For an asynchronous network, Fischer, Lynch, and Paterson [10] showed that there is no deterministic protocol for the BFT problem in face of a single failure in an asynchronous network. Their proof is based on a diagonalization construction and has two assumptions: (1) when a process writes a bit on the output register, it is finalized and cannot change anymore; and (2) an honest process runs infinitely many steps in a run. Several researchers have tried to design BFT consensus protocols to circumvent the impossibility. For example, to circumvent this impossibility result, Ben-Or [1] initiated the probabilistic approach to BFT consensus protocols in completely asynchronous networks and Dwork, Lynch, and Stockmeyer [9] designed BFT consensus protocols in partial synchronous networks. Castro and Liskov [5] initiated the study of practical BFT (PBFT) consensus protocol design and introduced the PBFT protocol for partial synchronous networks. The core idea of PBFT has been used in the design of several widely adopted BFT systems such as Tendermint BFT [3]. Tendermint BFT has been used in more than 40% Proof of State blockchains (see, e.g., [13]) such as the “Internet of Blockchain” Cosmos [6]. More recently, Yin et al [20] improved the PBFT/Tendermint protocol by changing the mesh communication network in PBFT to hub-like (or star) communication networks in HotStuff and by using threshold cryptography. Facebook's Libra blockchain has adopted HotStuff in their LibraBFT protocol [17].

There are generally two kinds of partial synchronous networks for Byzantine Agreement protocols. In Type I partial synchronous networks, all messages are guaranteed to be delivered. In this type of networks, Denial of Service (DoS) attacks are not allowed and reliable point to point communication channels for all pairs of participants are required for the underlying networks. In Type II partial synchronous networks, the network becomes synchronous after an unknown Global Synchronization Time (GST). In this type of networks, Denial of Service (DoS) attacks are allowed before GST though it is not allowed after GST. The Type II network is more realistic and is commonly used in the literature.

Several partial synchronous network models for BFT design assume the existence of reliable broadcast communication channels for certain message transmission. In particular, these protocols normally leverage the gossip-based broadcast protocol in Bracha [2] which is based on the existence of reliable point-to-point communication channels for all pairs of participants. In particular, the broadcast protocol in Bracha [2] assumes a complete network to achieve “a reliable message system in which no messages are lost or generated”. Since our Internet infrastructure is not a complete network, one needs to be very careful in building Internet based BFT protocols using Bracha's results. Specifically, one should not assume that there is a reliable broadcast channel before GST of Type II networks.

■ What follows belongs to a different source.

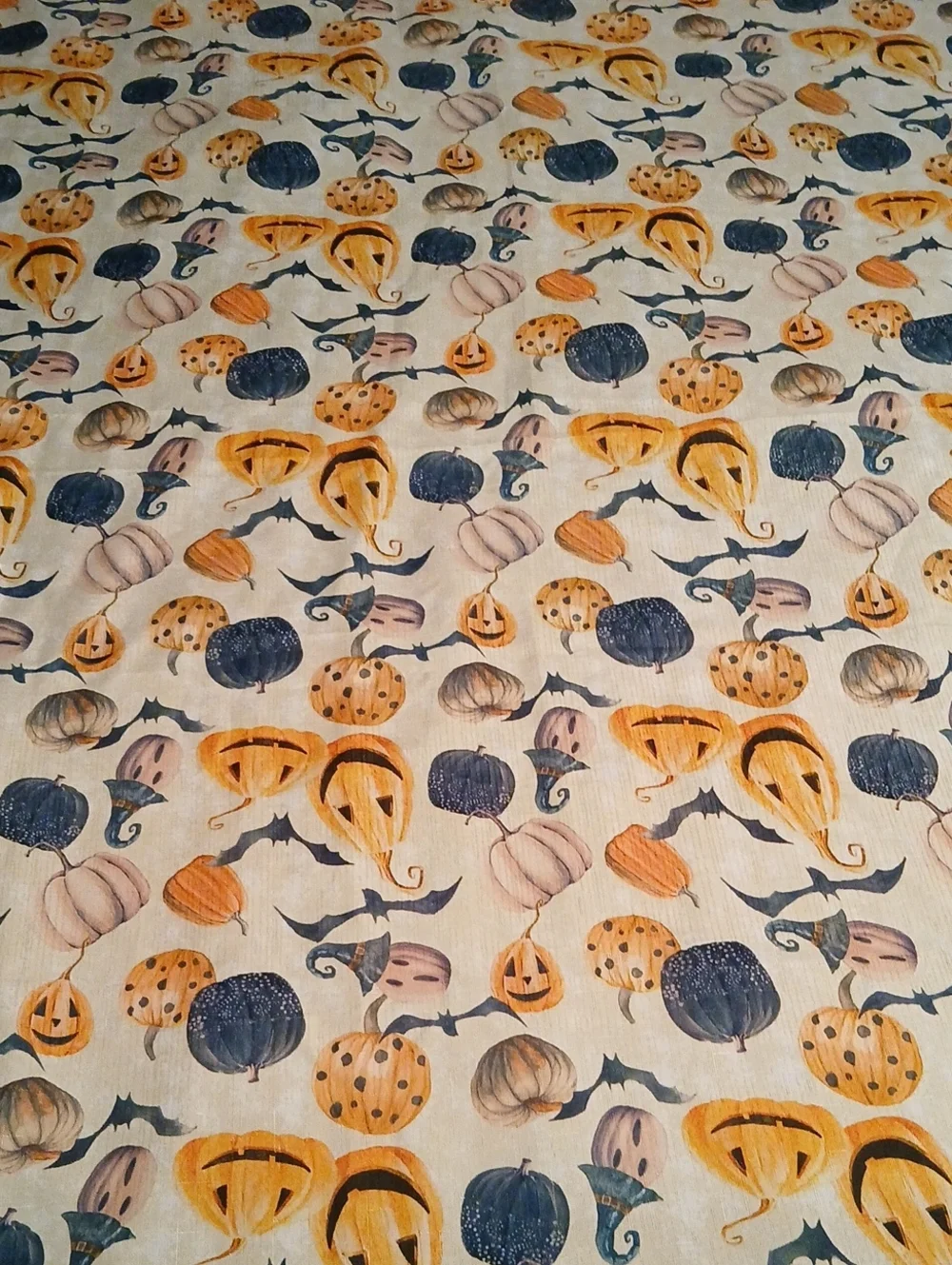 Festive Fun & Spooky Halloween Pumpkins  Orange Black Bats  Tablecloth 84x58 Rtg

The subject matter described herein shows that one can launch attacks against several widely deployed BFT protocols (e.g., Tendermint BFT, Ethereum's Casper FFG, and GRANDPA BFT [11]) so that participants reach a deadlock before GST and the deadlock cannot be removed after GST. Thus, after such attacks, the participants can never reach an agreement even after GST. That is, these BFT protocols cannot achieve the liveness property in type II partial synchronous networks. For Type I networks, one does not know when the message could be delivered. Thus the broadcast protocol may be “unreliable” until the end of a fixed unknown time period. That is, the same attack in the Type II networks could be used to show that these protocol will reach deadlock before the end of this unknown time period. On the other hand, all these protocols will change views after certain timeout and after a view change, participants would not accept messages from previous views. That is, even all messages are delivered at the end of this unknown time period, participants discard these messages if they have changed views already. Thus these protocols will remain deadlocked. In a summary, our attacks show that these BFT protocols are insecure in all types of partial synchronous networks (including both Type I and Type II networks).

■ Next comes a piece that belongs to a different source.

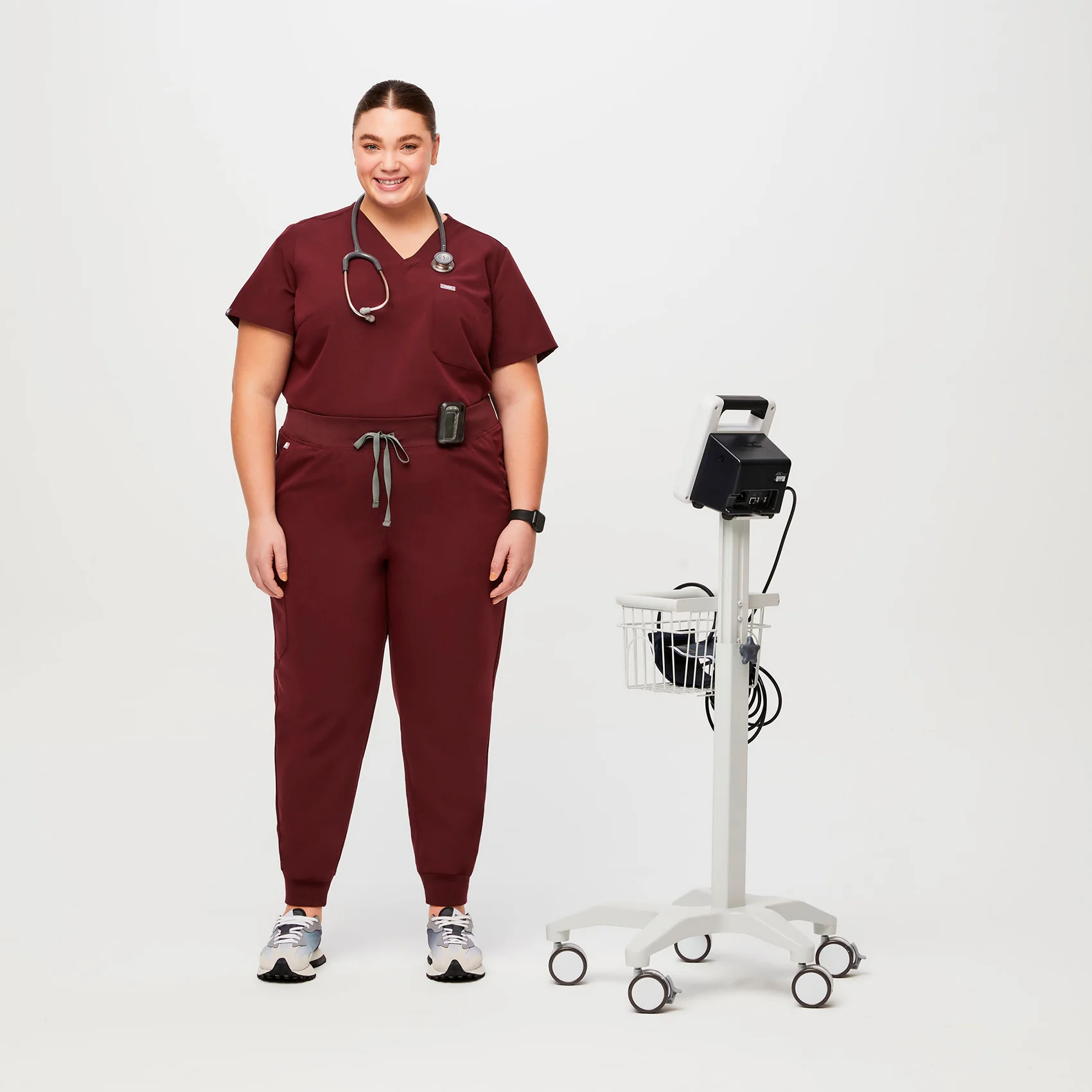 women's Burgundy High Waisted Zamora™ - Petite Jogger Scrub Pants (3XL - 6XL) - Image 2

It should also be noted that though Tendermint [3] BFT protocol claims security in Type II asynchronous networks, it actually uses a Type I network model since it assumes a reliable point to point communication channel for each pair of participants in the network and no message is ever lost (including messages before GST). However, our discussion in the preceding paragraph shows that Tendermint is not secure in the Type I networks either. It should also be noted that in the first version of the LibraBFT specification (accessed on Jul. 19, 2019), its network model is a Type II partial synchronous network. In the current version [17] of the LibraBFT specification (dated as Nov. 8, 2019 and accessed on Feb. 9, 2020), its network model is essentially a Type I partial synchronous network since all messages are delivered in the end (see pages 3 of Section 2 in [17]).

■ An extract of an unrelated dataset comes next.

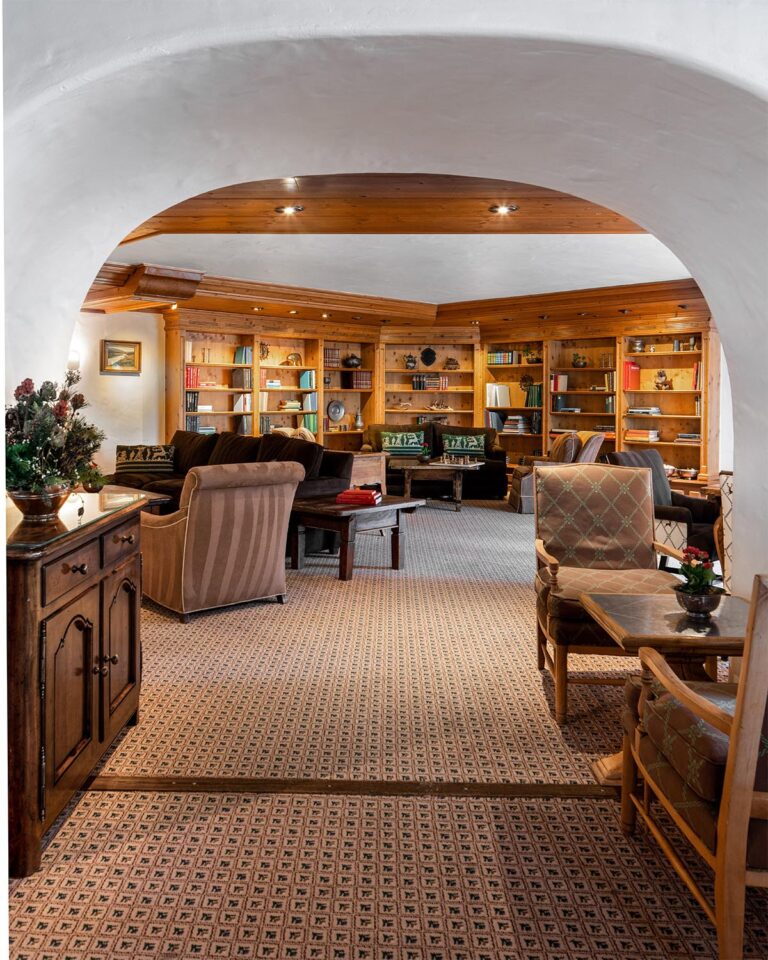 Lounge area with cabinet, chairs, tables, sofas, carpeted floor, and recessed bookcase and shelves in the background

Based on the security requirement analysis for BFT protocols in asynchronous networks, we propose a BFT finality gadget protocol for blockchains, referred to herein as Blockchain DLS (BDLS). It should be noted that the first BFT protocol (i.e., the DLS protocol) for Type II networks was proposed by Dwork, Lynch, and Stockmeyer [9]. DLS protocol leverages a star network where participants only exchange messages via round leaders. The PBFT protocol allows all participants to broadcast their messages to all other participants. By leveraging this kind of mesh network, PBFT protocol was able to achieve consensus with reduced round complexity. By leveraging the lock-mechanisms in PBFT/Tendermint BFT protocols and changing the mesh network back to star network, HotStuff BFT/LibraBFT is able to achieve consensus with reduced communication complexity but increased round complexity. The BDLS protocol described herein is based on the original DLS protocol [9] and is able to achieve consensus with both reduced round complexity and reduced communication complexity. Specifically, BDLS has the same round complexity as PBFT and has reduced communication complexity than HotStuff BFT/LibraBFT. BDLS is proved to be secure in Type II partial synchronous networks and achieves the best performance among existing BFT protocols for blockchains. Though both BDLS and HotStuff BFT leverages star networks, BDLS employs the lock-mechanisms used in DLS protocol while HotStuff employs the lock-mechanisms used in PBFT/Tendermint BFT protocols. Thus BDLS could achieve consensus in 4 steps while HotStuff requires 7 steps to achieve consensus in synchrony.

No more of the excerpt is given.